>>>>

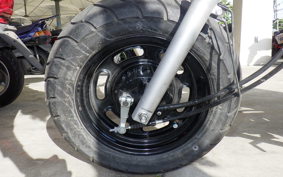 HONDA APE 50 AC16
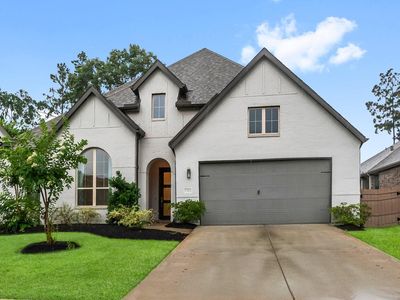 17460 Chestnut Cove Dr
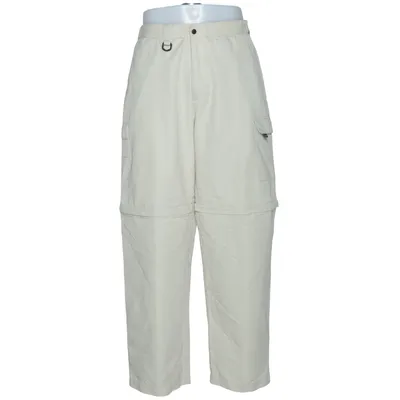 Pantalon d'extérieur (Beige) de Cape Coton, Polyester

<<<<

» **INSTRUCTIONS FOR THE TASK**:
Across all the lines above, repeat the wording exactly and omit the pictures.

» **EXERCISE OUTPUT**:
 HONDA APE 50 AC16
 17460 Chestnut Cove Dr
 Pantalon d'extérieur (Beige) de Cape Coton, Polyester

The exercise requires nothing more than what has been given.